This kind of inquiry starts with ensuring that your organization has a pathway for providing thoughtful input and making it clear that managers and thought leaders are open to receive it. Limited choice, survey questions carry inherent assumptions about what is needed or wanted. Replacing surveys with intentional, open-ended questions make responses more authentic, precise and specific. Discoveries, that would never have surfaced otherwise, are made in the process. This takes more time up front and a genuine willingness to listen, but often translates into lower development costs overall and better, organizational outcomes.
Most will agree that frontline staff has valuable input, but for many training experts the decision to prioritize internal inquiry is uncomfortable to make, because it is a follower-centric approach rather than leader-centric. The familiar, leadership paradigm typically does not consider the authentic voice of followership, an essential ingredient in any sustainable, organizational culture. Like well-matched dance partners, leaders and followers can optimize one another’s work.
Hesitation is understandable, yet the research is clear: Organizations need a new approach. By truly honoring and incorporating the voices of frontline staff and followers, managers and thought leaders can better understand the real needs of the organization. This is the missing piece.
Here are a few ideas to consider when beginning a process of internal inquiry:
- Establish Good Faith – Communicate a sincere desire for two-way dialogue as personally and as transparently as possible. Ideally, this should happen at every level of the organization, between each leader-follower pairing. If trust has been damaged in some areas or in any relationships, seek to repair and rebuild it wherever possible.

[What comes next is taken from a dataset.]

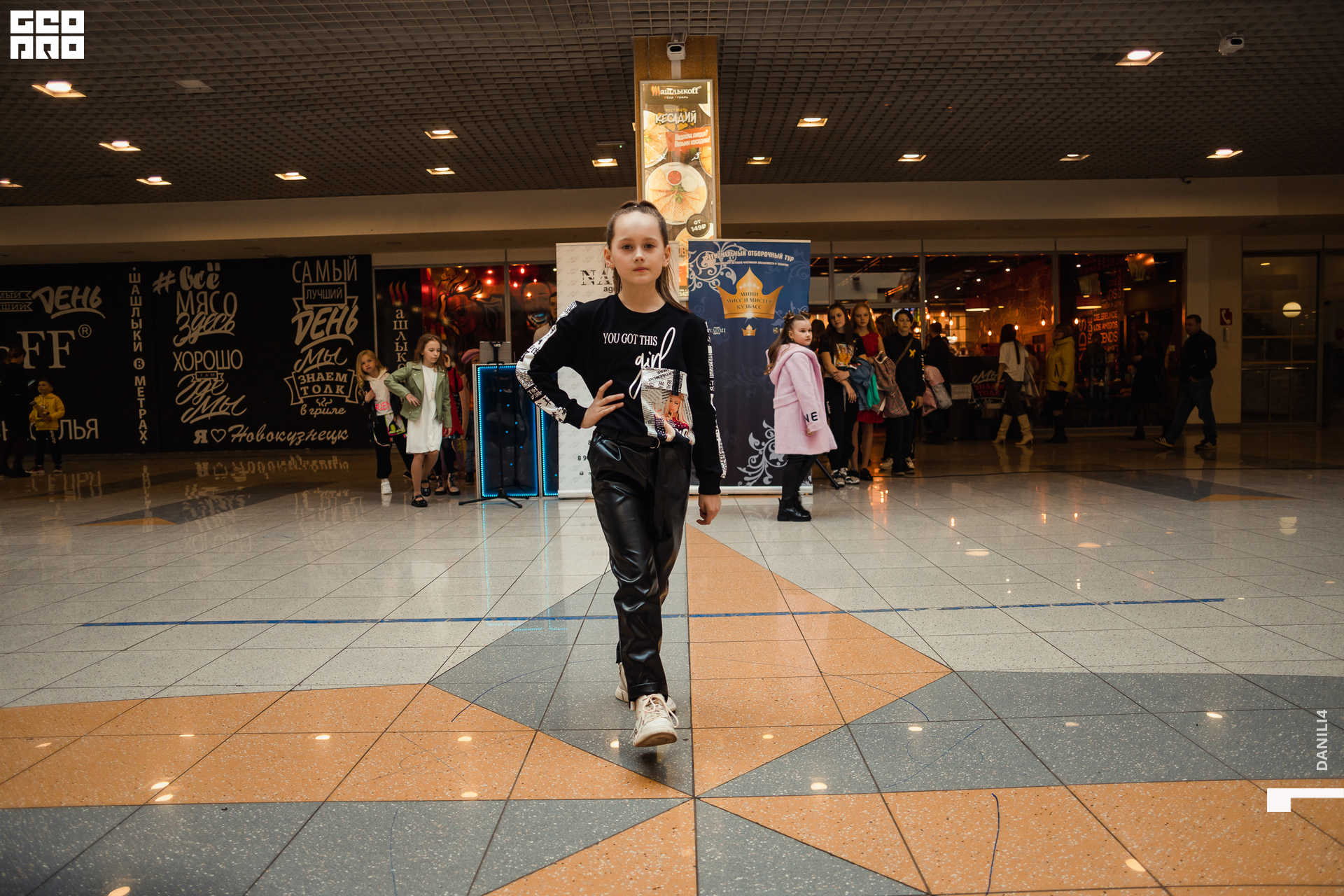 Глобус Naomi 17.04.2021_094.jpg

- Design Inquiry Questions – Design a short set of open-ended questions to ask groups of employees by rank and department, perhaps 5-6 questions at most. You may wish to hire a coach to develop questions that both reflect senior leaders’ organizational visions and also leave room for employees at every level to share real needs from the follower perspective with their respective supervisors. Sample questions might be:
- What is your biggest routine challenge?
- What could your leader do to help you with this challenge?
- What other kind of support or change do you need to address this challenge?
- Invite Candid Input – Create time for employees of similar rank to gather in groups and respond to the inquiries at the same time in writing. If hiring a coach, you may wish to have that person facilitate a brief discussion before the writing takes place.